Thursday, September 8, 2011
Wandering along the mountain trail. My companion, a young autistic man. Slow and steady pace. Perfect for paying heed to our lush surroundings. Absorbing the breathtaking view. Sampling the blackberries. The expression on his face indicating they were still a little on the sour side. Requiring a few more of these sunny days in order to fully ripen. Observing two paragliders descending overhead. A blue heron settling on a cedar bough nearby. My hands coming together in prayer before me as we continue on our way. Thankful for the gift of such a magnificent morning.

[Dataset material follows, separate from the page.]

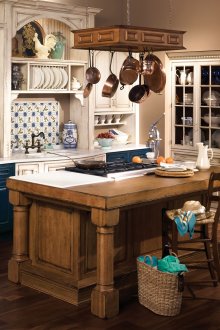 Ярка кухня в селски стил в апартамента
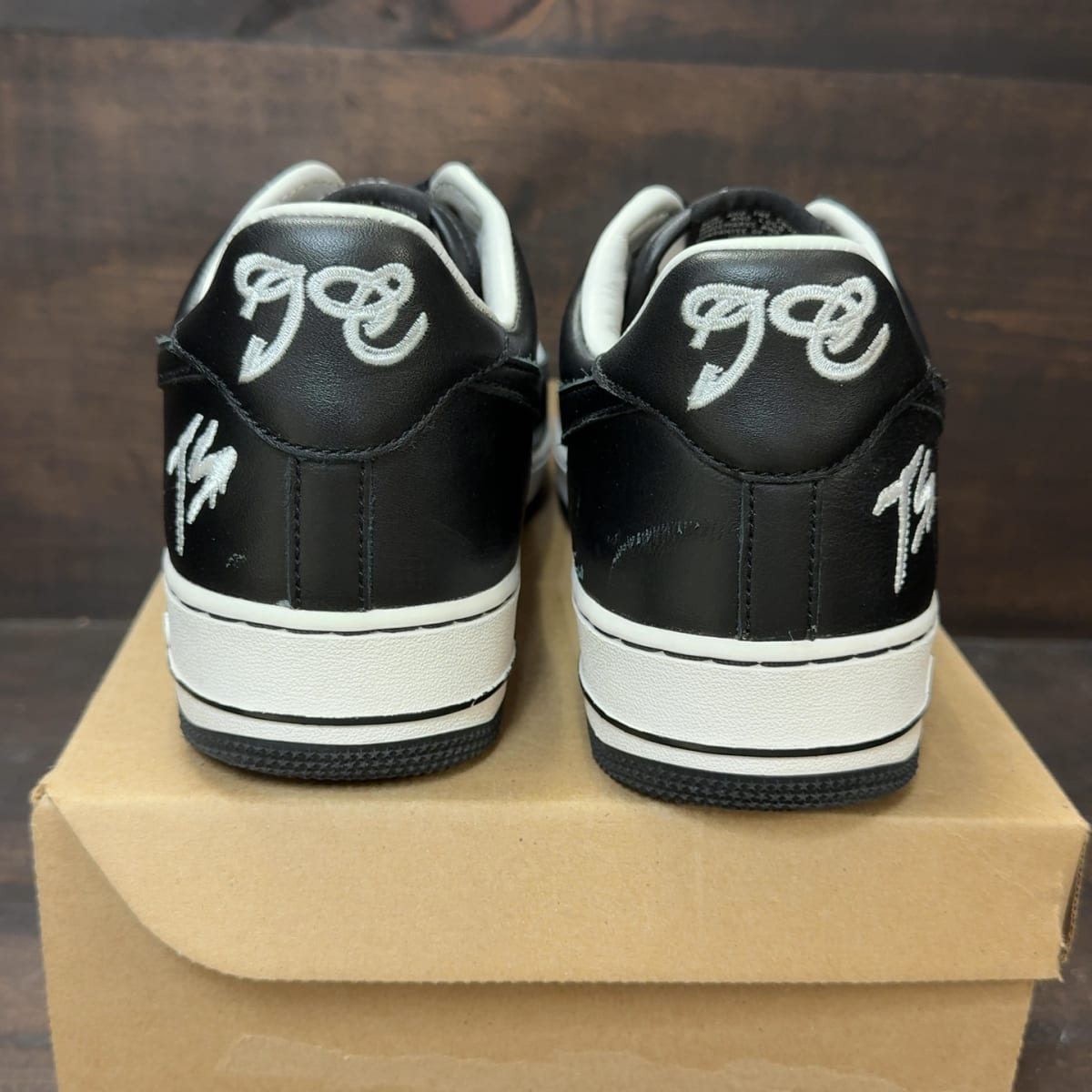 Nike Air Force 1 Low QS Terror Squad Blackout Size 9.5 (Pre-Owned) - aux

Wednesday, September 7, 2011
Grieving the loss of a loved one is difficult. Two simultaneously, doubly hard. Six months today. Both of them in or around my thoughts most of the day. Some of the night. Grief still residing deeply in so much of my being. Eased at times by the knowing they are together. That was Michael and Kelly's destiny. Finding a measure of comfort in this. Also buoyed by their smiling faces when asking them for help with all of this. Diesel on occasion showing up with his grin. Envisioning them watching over all those who loved them, with pride. Observing us carrying on to best of our ability. One hundred percent behind us. And always in our hearts.

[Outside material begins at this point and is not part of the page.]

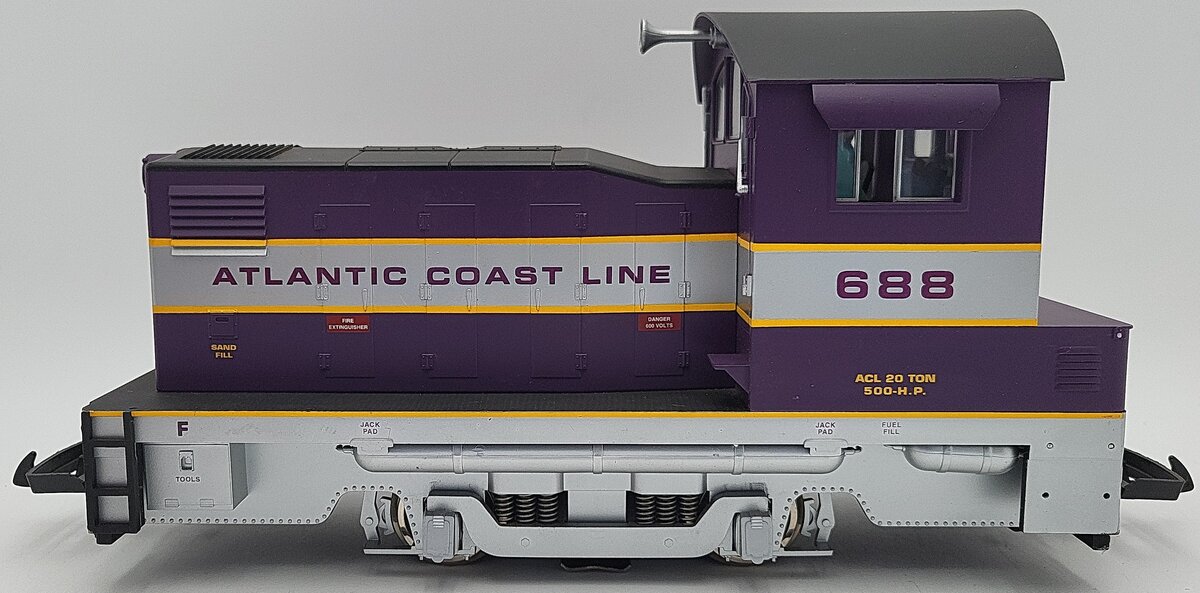 USA Trains R22053 Atlantic Coast Line 20 Ton Diesel Locomotive #688 EX/Box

Tuesday, September 6, 2011
Today, the first day of school for many. New beginnings. Back to work for others. The return to routines. This week offering a shift in focus. Fresh ideas to consider. Renewed commitment to existing endeavours. All enhanced by an atmosphere charged with invigorating energy.
Monday, September 5, 2011
Out for a run in the sun. Pondering the expression, "One day at a time". Using it often. Realizing that perhaps, "One moment at a time" might be more accurate. Reflecting on the previous evening. Still early. Playing Scrabble on the patio. Warm air, lush greenery, wispy pink clouds against a pale blue sky. Thoroughly enjoying it all. Then suddenly, in all that magnificence, feeling a pang of anguish in my chest. As if a knife were piercing my heart. Three of Swords card in the Tarot deck. Why? For a fleeting moment, expecting Mike and Kelly to walk in the back door, come out back, pull up some chairs and share highlights of their day. Then, just as quickly as that image had appeared, the realization followed. It would not be so. All of this washed over and through me within seconds. A few tears shed. Shortly thereafter, smiling at the beauty of the half moon and the antics of the birds in the fountain. This is how it flows. Moment to moment.
Friday, September 2, 2011
Another long weekend begins. Always appreciated. Bringing the gift of an extra day for playing in the sun. Whispering a quiet goodbye to the summer that barely was. Subtle hints of the approaching season now waiting in the wings.
Thursday, September 1, 2011
Puppy energy. A chocolate lab's curiosity, intelligence, and enthusiasm for life. Up for whatever is going on. This is what Barrett shares with me this week. Staying here while his pack takes a much needed holiday to rejuvenate and restore. My routines happily adjusted to accommodate this lovable fur covered being.